Let me…! Let me burst out with all those moments when I hate you! And how I hate you…how maddeningly overwhelmingly furiously I hate you! But hating you is like banging my head on a dumb wall, if I expect you to please and plead, oh I can’t live in a fool’s paradise, you don’t, you won’t….is it because you know I wouldn’t go anywhere, always come back to you, is it because I’m so predictable, is it because you know a little bit of provocation and I’d rush and melt into your arms! The feeling is infuriating sometimes, that I love you, that it numbs my senses, that it makes every other thing meaningless! The point is I’m not sure you feel this way!
You do love me, when you are not busy when you do not have matches to watch, when you do not have to catch up on ‘ Nation wants to know ‘, when you are not partying…you do love me then…when you send me links of songs and shayaris you’d want me to listen, you love me when you are drinking alone, you love me sometimes just like that and I lose it then.
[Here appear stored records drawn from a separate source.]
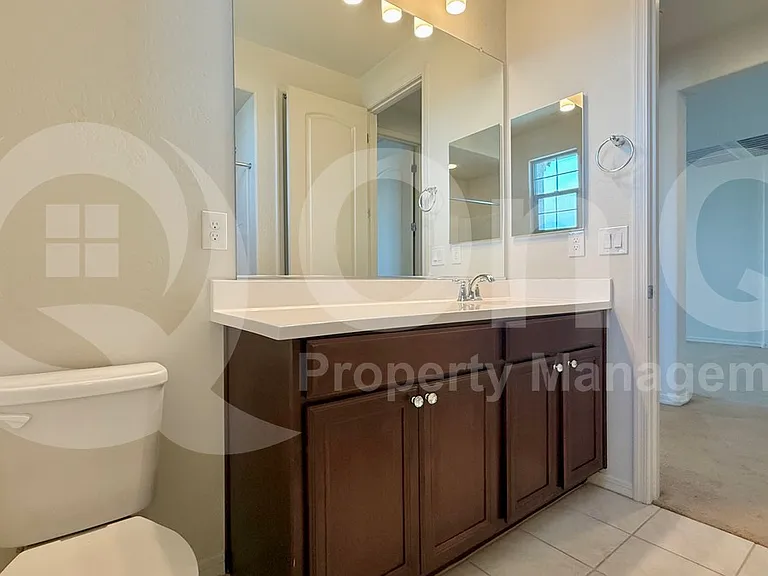 9707 W Patrick Ln — Photo 30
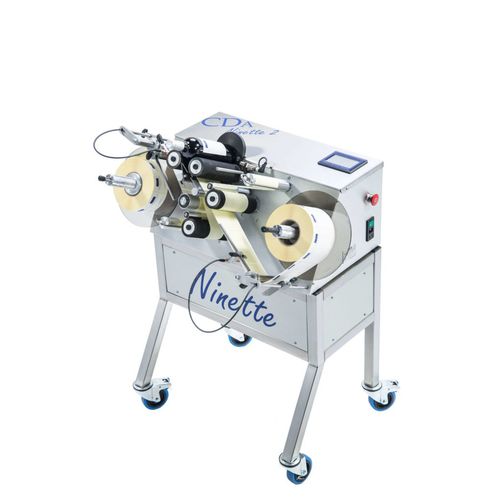 Etiquetadora semiautomática - Ninette 2 - CDA - para productos químicos / para botellas / para aplicación en el lateral del producto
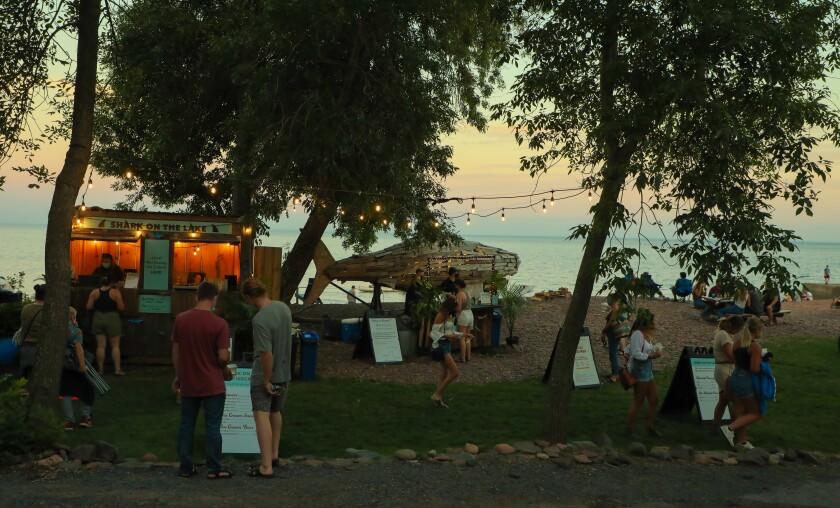 Exterior view of rocky lake beach with people gathered in small groups around a small kiosk selling drinks. Large wooden shark sits on shore in background.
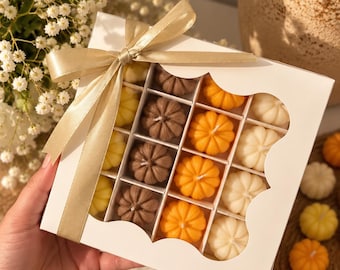 Puede incluir: Una caja de regalo cuadrada blanca con una ventana festoneada que contiene dieciséis pequeñas velas con forma de calabaza en tonos marrón, naranja, amarillo y crema. La caja está atada con un lazo de satén dorado. Hay velas de calabaza sueltas cerca.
You love me in a way I want to give up on this mundane life I’m living and just I don’t know how to put it… offer myself to you…to you and you only. You love me in a way, love all my bits, all my atoms, particles…just thinking of it is orgasmic! But then these are fleeting moments, after a beautiful heavenly night of lovemaking I find you withdrawn, reclusive, distant…I find myself pining for a hangover but then I learnt it is me, me I have to live with. I curse you, despise you, loathe you…and come back to you. I find you waiting, if not dying for me.
I remind myself this is the same nonchalant cool person who can turn colder, yet we banter, laugh, tease and just when you want we make love more intense, more fulfilling. I keep telling remember the last time…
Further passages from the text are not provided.